I remember one friend saying that once you get a job you're screwed. your social life is over. well, it's been almost two years with a full-time job and my social life has never been better. of course, you don't get to have a 7 o'clock getting home party on a Wednesday, but you can survive without it.
what might get to you, in fact, is the routine. and I think that's truly an enemy. sure, you will go out a lot, but that's also routine. having to go to work every day might force you to find relaxation in things like these. so for this new year, although I was never a NY resolution person (or was I?!), I just want to be more organized.
as for christmas and new year's eve party, well, I wish they would feel more special, but they don't. maybe just christmas and just tomorrow. of course, watching TV and stuffing your face doesn't count as waiting for holidays. soon I'm back to dear Bucharest where I have my old routines (yes, dear old enemies, I know), but it's always a great feeling of home there. of getting back to the things you're know so familiar with and I just feel different there (in a good way and hopefully not fatter by the time I come back).
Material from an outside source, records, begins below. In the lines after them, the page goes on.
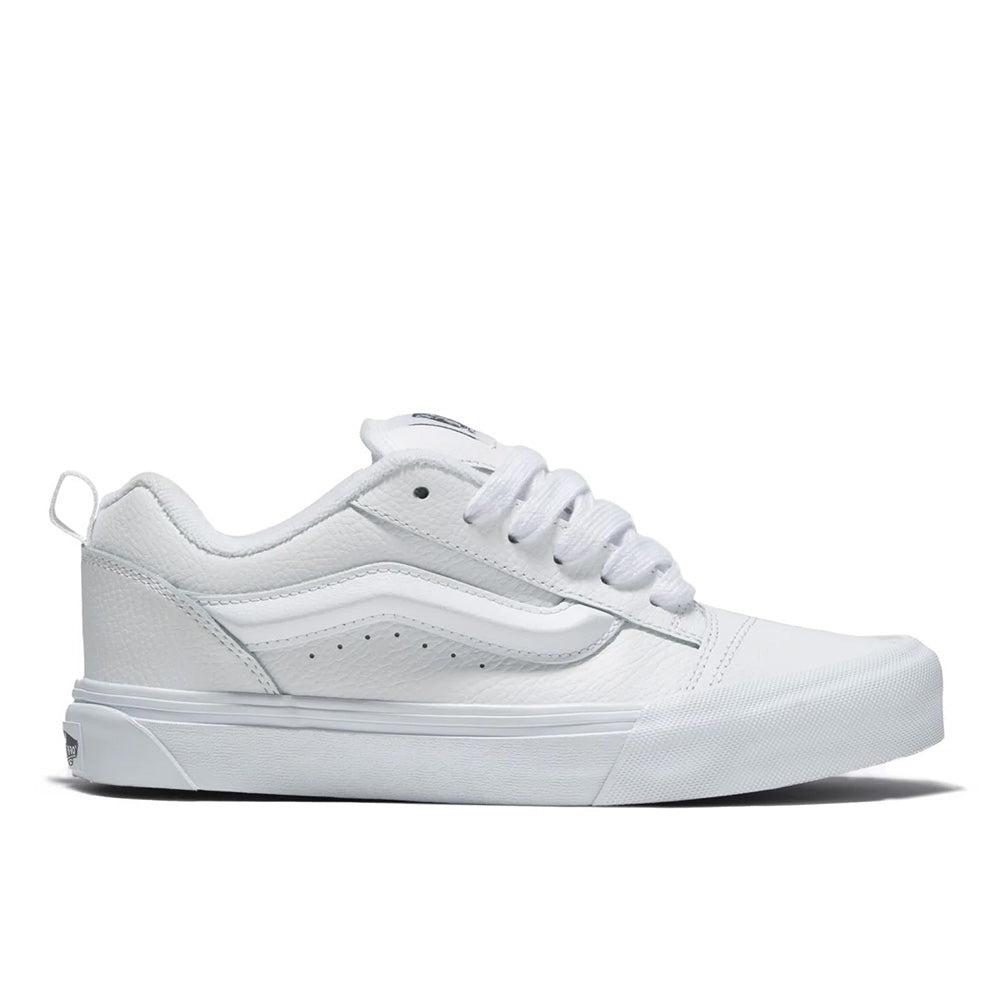 Vans Classic Knu-Skool Leather "True White"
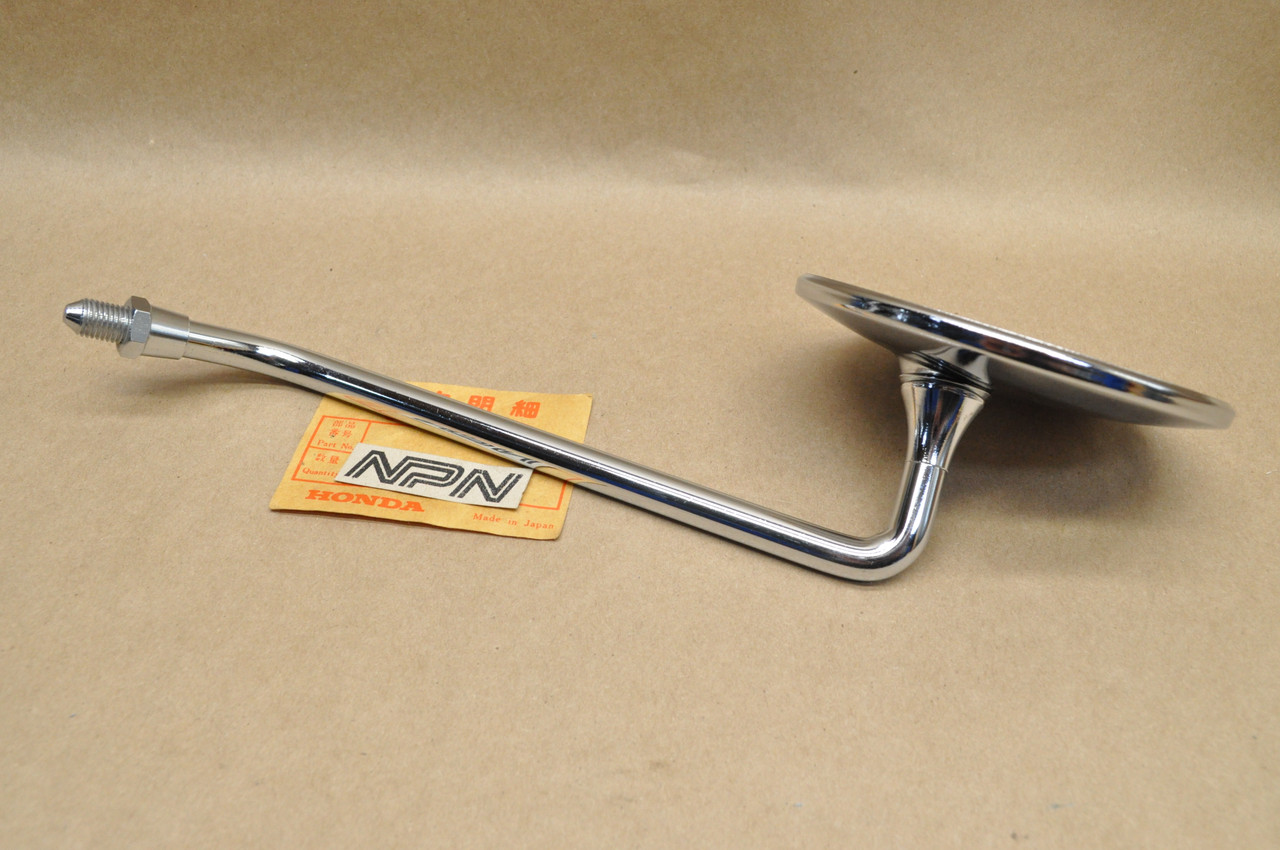 NOS Honda CB175 CB350 CB450 CL175 CL350 CL450 Right Mirror 88110-240-000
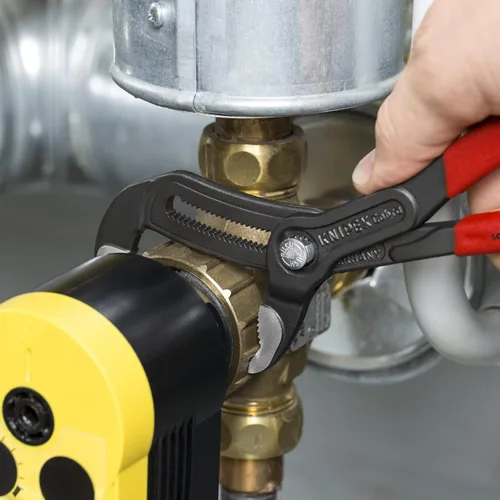 Vista 12 de Knipex - Juego de 5 alicates básicos en rollo de herramientas (9K0080150US)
I'm thinking I should also write you more about specific things from my life (cuz you know already, I never do). I think I did mention adopting a labrador metis in October this year who's named Otto and who's now fat and extremely happy! crazy beautiful dog with blue eyes!
this years I had some plans and some wishes. I postponed those plans (because I'm rather lazy) but oh so many of those wishes were accomplished by an amazing something which I cannot define and it was the moment when something changed inside of me but I can't put my finger on it and name it. It's like that sort of revelation, when something is clear as daylight but until someone doesn't say out loud to you, you just don't see it. I was blind and I didn't realize I was wasting my own life and my own happiness. I learned to trust my instincts like never before and the result: true happiness and me, I guess and hope, a better person.
it's not superficial love if you say you just feel you want to talk to everybody, but it just feels like that, like you wanna share your presence with everyone else. alright. so I'm done with my rambling for tonight. I'll keep you posted. maybe with some new things and ways of posting on this blog. but I don't like talking about them, I'd rather do them instead.